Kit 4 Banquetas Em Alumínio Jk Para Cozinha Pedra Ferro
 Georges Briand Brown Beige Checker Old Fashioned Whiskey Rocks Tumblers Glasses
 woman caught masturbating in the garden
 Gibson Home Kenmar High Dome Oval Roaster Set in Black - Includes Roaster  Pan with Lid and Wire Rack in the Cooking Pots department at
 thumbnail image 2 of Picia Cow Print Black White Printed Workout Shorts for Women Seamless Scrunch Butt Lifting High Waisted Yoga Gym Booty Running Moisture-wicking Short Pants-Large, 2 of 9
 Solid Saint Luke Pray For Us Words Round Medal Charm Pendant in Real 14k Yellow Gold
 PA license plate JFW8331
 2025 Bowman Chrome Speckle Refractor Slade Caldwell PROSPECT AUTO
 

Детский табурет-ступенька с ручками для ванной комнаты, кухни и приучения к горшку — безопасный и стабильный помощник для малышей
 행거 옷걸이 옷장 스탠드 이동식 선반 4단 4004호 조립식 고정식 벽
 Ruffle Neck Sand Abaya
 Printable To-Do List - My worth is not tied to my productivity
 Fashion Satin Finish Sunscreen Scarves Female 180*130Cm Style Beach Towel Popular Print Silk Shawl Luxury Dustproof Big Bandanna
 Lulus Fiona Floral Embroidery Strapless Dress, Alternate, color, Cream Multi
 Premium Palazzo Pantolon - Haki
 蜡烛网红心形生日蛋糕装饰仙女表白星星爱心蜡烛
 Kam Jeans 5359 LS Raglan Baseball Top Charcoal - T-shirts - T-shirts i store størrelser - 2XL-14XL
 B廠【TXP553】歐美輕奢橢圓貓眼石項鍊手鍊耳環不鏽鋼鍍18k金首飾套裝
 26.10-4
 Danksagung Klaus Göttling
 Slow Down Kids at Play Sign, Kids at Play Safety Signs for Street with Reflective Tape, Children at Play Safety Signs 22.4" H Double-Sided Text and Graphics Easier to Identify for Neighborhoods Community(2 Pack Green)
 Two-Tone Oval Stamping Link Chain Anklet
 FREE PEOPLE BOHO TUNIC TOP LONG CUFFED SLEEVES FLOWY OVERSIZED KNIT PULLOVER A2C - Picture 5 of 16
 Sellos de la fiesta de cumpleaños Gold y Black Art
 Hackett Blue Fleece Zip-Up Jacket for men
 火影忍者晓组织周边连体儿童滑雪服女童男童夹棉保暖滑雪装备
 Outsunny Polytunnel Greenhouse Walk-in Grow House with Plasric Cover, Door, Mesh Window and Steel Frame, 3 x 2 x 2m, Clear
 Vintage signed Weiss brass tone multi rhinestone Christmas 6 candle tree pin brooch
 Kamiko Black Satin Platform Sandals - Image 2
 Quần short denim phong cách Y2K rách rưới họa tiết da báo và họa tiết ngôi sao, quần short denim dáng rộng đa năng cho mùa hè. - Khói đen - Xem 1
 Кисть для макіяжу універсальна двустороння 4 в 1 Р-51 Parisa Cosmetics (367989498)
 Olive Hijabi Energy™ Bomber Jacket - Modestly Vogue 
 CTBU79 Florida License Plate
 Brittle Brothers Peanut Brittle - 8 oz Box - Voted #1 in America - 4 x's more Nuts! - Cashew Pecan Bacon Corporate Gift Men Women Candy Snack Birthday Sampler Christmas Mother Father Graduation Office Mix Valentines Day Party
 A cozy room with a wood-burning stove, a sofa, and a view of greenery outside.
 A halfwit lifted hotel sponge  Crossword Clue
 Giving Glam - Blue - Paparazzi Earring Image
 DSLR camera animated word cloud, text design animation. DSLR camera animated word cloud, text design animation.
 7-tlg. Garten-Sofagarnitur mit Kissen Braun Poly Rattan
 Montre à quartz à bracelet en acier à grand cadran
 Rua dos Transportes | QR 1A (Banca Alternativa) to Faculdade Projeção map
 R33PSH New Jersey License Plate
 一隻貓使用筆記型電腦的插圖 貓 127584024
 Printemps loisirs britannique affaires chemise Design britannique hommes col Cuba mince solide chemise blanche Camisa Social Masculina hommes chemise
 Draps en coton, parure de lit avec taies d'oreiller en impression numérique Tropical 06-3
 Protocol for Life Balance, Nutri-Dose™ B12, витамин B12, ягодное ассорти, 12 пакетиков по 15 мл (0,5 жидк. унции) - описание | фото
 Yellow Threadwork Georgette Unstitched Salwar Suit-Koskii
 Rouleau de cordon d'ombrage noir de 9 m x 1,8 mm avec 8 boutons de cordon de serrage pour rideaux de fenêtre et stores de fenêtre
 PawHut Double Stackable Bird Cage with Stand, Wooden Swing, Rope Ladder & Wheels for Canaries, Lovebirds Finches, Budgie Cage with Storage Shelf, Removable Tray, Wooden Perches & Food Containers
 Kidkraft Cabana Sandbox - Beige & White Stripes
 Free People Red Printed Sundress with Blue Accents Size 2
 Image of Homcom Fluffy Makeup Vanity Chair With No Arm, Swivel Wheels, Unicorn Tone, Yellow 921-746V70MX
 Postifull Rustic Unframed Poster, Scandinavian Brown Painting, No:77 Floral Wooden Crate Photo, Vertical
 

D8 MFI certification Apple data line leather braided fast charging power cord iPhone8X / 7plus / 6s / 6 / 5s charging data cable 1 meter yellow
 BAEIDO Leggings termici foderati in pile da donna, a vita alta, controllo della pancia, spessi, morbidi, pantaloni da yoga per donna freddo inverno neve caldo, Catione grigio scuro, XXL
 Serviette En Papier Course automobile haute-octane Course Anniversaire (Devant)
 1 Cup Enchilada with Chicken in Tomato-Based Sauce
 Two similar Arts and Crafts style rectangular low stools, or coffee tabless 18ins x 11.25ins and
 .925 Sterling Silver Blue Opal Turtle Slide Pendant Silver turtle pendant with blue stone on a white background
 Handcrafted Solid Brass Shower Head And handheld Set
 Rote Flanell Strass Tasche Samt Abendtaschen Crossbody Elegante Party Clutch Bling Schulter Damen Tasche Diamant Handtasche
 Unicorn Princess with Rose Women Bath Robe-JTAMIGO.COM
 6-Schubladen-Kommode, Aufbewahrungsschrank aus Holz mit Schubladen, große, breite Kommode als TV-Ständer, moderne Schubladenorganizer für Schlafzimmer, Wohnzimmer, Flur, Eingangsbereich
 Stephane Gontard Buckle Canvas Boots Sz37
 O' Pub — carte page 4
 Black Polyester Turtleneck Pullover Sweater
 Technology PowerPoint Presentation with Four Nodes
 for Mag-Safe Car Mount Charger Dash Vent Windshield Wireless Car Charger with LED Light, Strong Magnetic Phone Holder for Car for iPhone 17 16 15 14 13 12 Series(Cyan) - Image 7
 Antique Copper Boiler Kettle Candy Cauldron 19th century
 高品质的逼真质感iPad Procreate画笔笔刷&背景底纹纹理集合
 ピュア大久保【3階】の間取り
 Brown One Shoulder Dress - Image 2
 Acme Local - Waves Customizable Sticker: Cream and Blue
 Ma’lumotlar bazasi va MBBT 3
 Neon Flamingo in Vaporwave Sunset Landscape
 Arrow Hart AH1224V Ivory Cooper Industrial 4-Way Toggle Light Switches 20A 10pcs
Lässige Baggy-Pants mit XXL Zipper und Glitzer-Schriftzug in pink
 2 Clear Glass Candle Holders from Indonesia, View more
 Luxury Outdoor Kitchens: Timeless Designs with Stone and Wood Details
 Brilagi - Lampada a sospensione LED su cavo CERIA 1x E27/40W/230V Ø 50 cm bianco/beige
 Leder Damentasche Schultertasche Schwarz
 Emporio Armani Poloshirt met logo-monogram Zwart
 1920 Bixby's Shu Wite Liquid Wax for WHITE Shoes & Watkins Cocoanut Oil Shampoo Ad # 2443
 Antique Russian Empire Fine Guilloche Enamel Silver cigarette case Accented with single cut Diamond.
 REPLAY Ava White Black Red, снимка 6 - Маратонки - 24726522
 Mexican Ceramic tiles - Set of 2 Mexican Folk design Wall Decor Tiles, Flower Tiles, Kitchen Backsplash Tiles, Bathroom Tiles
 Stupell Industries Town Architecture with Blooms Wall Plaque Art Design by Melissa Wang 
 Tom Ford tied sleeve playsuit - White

» **Work to complete**: Restate the records above verbatim up to and including the line containing "Danksagung Klaus Göttling".

» **Answer section**:
Kit 4 Banquetas Em Alumínio Jk Para Cozinha Pedra Ferro
 Georges Briand Brown Beige Checker Old Fashioned Whiskey Rocks Tumblers Glasses
 woman caught masturbating in the garden
 Gibson Home Kenmar High Dome Oval Roaster Set in Black - Includes Roaster  Pan with Lid and Wire Rack in the Cooking Pots department at
 thumbnail image 2 of Picia Cow Print Black White Printed Workout Shorts for Women Seamless Scrunch Butt Lifting High Waisted Yoga Gym Booty Running Moisture-wicking Short Pants-Large, 2 of 9
 Solid Saint Luke Pray For Us Words Round Medal Charm Pendant in Real 14k Yellow Gold
 PA license plate JFW8331
 2025 Bowman Chrome Speckle Refractor Slade Caldwell PROSPECT AUTO
 

Детский табурет-ступенька с ручками для ванной комнаты, кухни и приучения к горшку — безопасный и стабильный помощник для малышей
 행거 옷걸이 옷장 스탠드 이동식 선반 4단 4004호 조립식 고정식 벽
 Ruffle Neck Sand Abaya
 Printable To-Do List - My worth is not tied to my productivity
 Fashion Satin Finish Sunscreen Scarves Female 180*130Cm Style Beach Towel Popular Print Silk Shawl Luxury Dustproof Big Bandanna
 Lulus Fiona Floral Embroidery Strapless Dress, Alternate, color, Cream Multi
 Premium Palazzo Pantolon - Haki
 蜡烛网红心形生日蛋糕装饰仙女表白星星爱心蜡烛
 Kam Jeans 5359 LS Raglan Baseball Top Charcoal - T-shirts - T-shirts i store størrelser - 2XL-14XL
 B廠【TXP553】歐美輕奢橢圓貓眼石項鍊手鍊耳環不鏽鋼鍍18k金首飾套裝
 26.10-4
 Danksagung Klaus Göttling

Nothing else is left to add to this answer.